The financial terms of the Crescent’s partnership with Kelun-Biotech has money changing hands in both directions. Crescent is paying Kelun-Biotech $80 million up front and could shell out up to $1.25 billion more in milestone payments. The deal also puts Kelun-Biotech in line for an additional unspecified sum from Crescent if the Massachusetts company undergoes a near-term change of control or enters a sublicense agreement with a third party. Meanwhile, Kelun-Biotech is paying Crescent $20 million up front; up to $30 million more is tied to achievement of milestones.

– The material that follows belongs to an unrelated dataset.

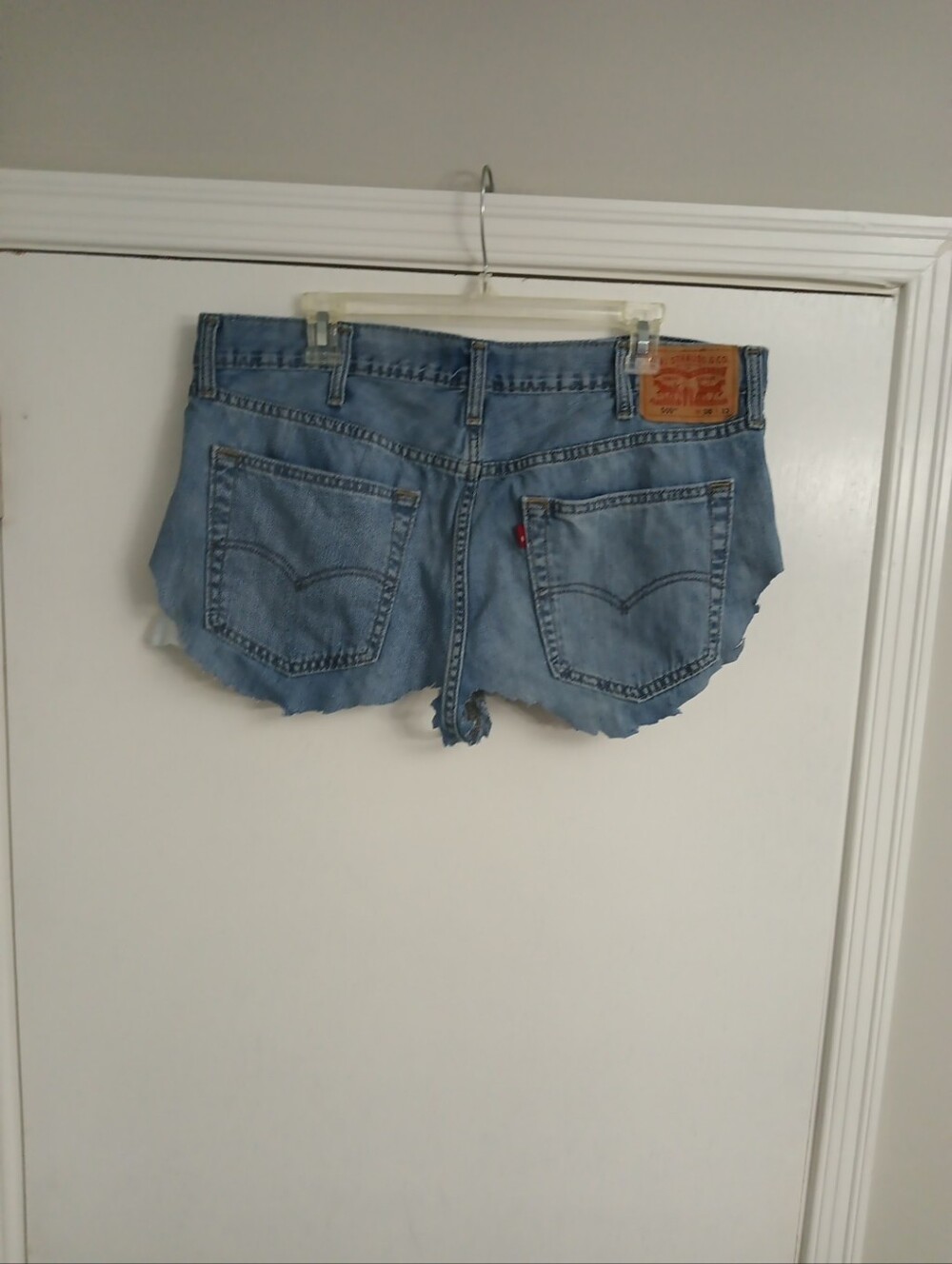 Levi's men's 559 No Label Light Wash Denim Custom Cutoff Shorts Size 38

Separate from the partnership agreement, Crescent announced a $185 million private placement to support the company through key clinical trial readouts expected to start in 2027, when the company expects to receive preliminary data from tests of CR-001 as a monotherapy and as part of combinations with ADCs. Participants in the stock sale include Forbion, Fairmount, Vestal Point Capital, BVF Partners, ADAR1, Balyasny Asset Management, and Venrock Healthcare Capital Partners. Those investors agreed to purchase more than 13.7 million Crescent shares for $13.41 each, which is the same as the stock’s closing price on Wednesday.
In its report of third quarter 2025 financial results last month, Crescent said its $133.3 million cash position was expected to fund operations through 2027. With the additional capital from the private placement, Crescent said it expects its cash will last into 2028.